What makes it frustrating is how Canonical handled it. Not offering something at all is far more 'honest' than building it once and never again


Hah. Enterprise pricing again.

Once in a while I think of giving them some money. Every time I look into paying them for my home server, every time I see it's enterprisely priced and totally out of the question.

Yeah I have the free ESM enabled. Still, they could let people pay 25/year for server updates for up to 3 machines or something.


> Yeah I have the free ESM enabled. Still, they could let people pay 25/year for server updates for up to 3 machines or something.

Free tier can rightfully pound sand in the support expectations department.

Perhaps a nearly-free tier wouldn't bring in enough revenue to offset the increased expectations there.


I don’t understand putting security updates behind a subscription. At least, creating a distro which is designed to be user-friendly, and then just letting devices sit on the internet unsecured seem basically unethical. It is inviting people who don’t know what they are doing to contribute to botnets and other attacks. It isn’t an expectation that a free user will be supported, just an expectation that a responsible company won’t create a cybersecurity attractive nuisance. Ubuntu is open source, they are supposed to be on the good team.

But, they could reasonably just shut the free tier machines off when they fell out of their automatic update lifespan.

Or they could find their value-add elsewhere.


> I don’t understand putting security updates behind a subscription.

This struck me too!

The author made some comments I didn't understand, giving me the impression that these were updates for proprietary Ubuntu packages or something, and therefore not a matter for concern. That doesn't seem right - if it's a security matter, and you have a patch, then you ship it.


The extended security updates that I'm talking about are available beyond the official life of the distro - i.e. after the 5 years of LTS pass, or however long LTS lasts this week.

Before that they're free. ESM is free for personal use too - conditions seem to change yearly, I think it's for up to 5 machines this week.

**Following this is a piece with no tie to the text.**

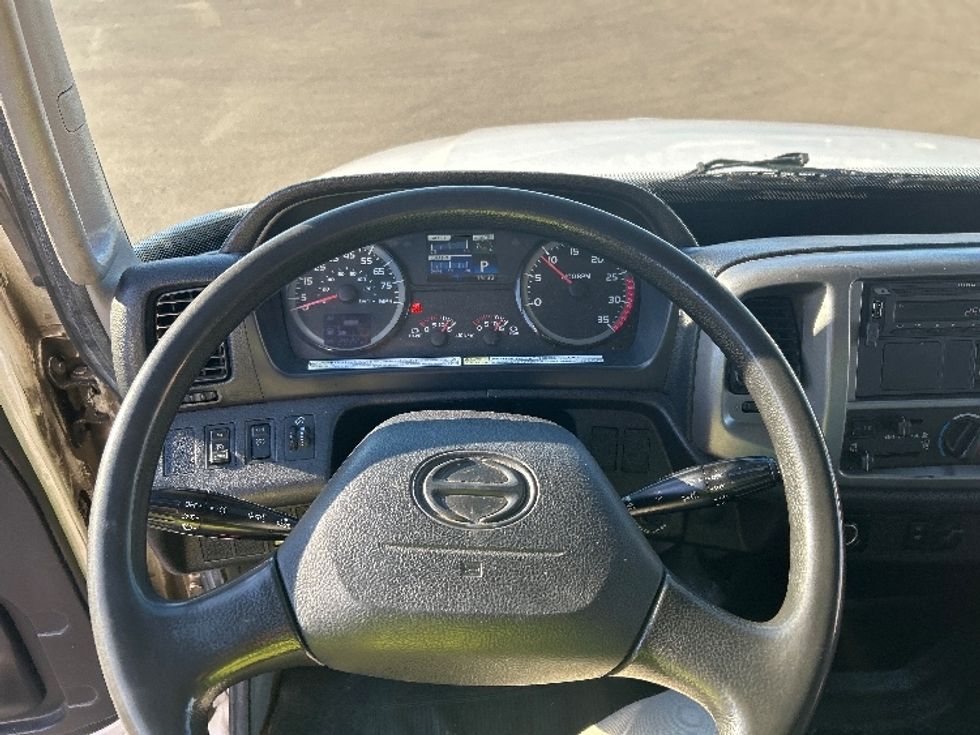 Medium Duty Box Truck-Light and Medium Duty Trucks-Hino-2019-268-San Diego-CA-300,028\n\t\tmiles-$ 30,500 - Image 18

Most normal people will just upgrade to the next LTS before the 5 years pass :)


you get free updates on the current version, you dont get free updates for old versions.


> Perhaps a nearly-free tier wouldn't bring in enough revenue to offset the increased expectations there.

They could have a no-support or per-incident support tier that’s only a license. IMO the reason that doesn’t happen is because everyone only wants billionaire customers where all costs get passed to the end consumer without question.

A little profit isn’t enough anymore. All these companies want massive margins and profits and won’t settle for less. I think a total collapse in tech might actually be good for the long term health of the industry.


> Still, they could let people pay 25/year for server updates for up to 3 machines or something.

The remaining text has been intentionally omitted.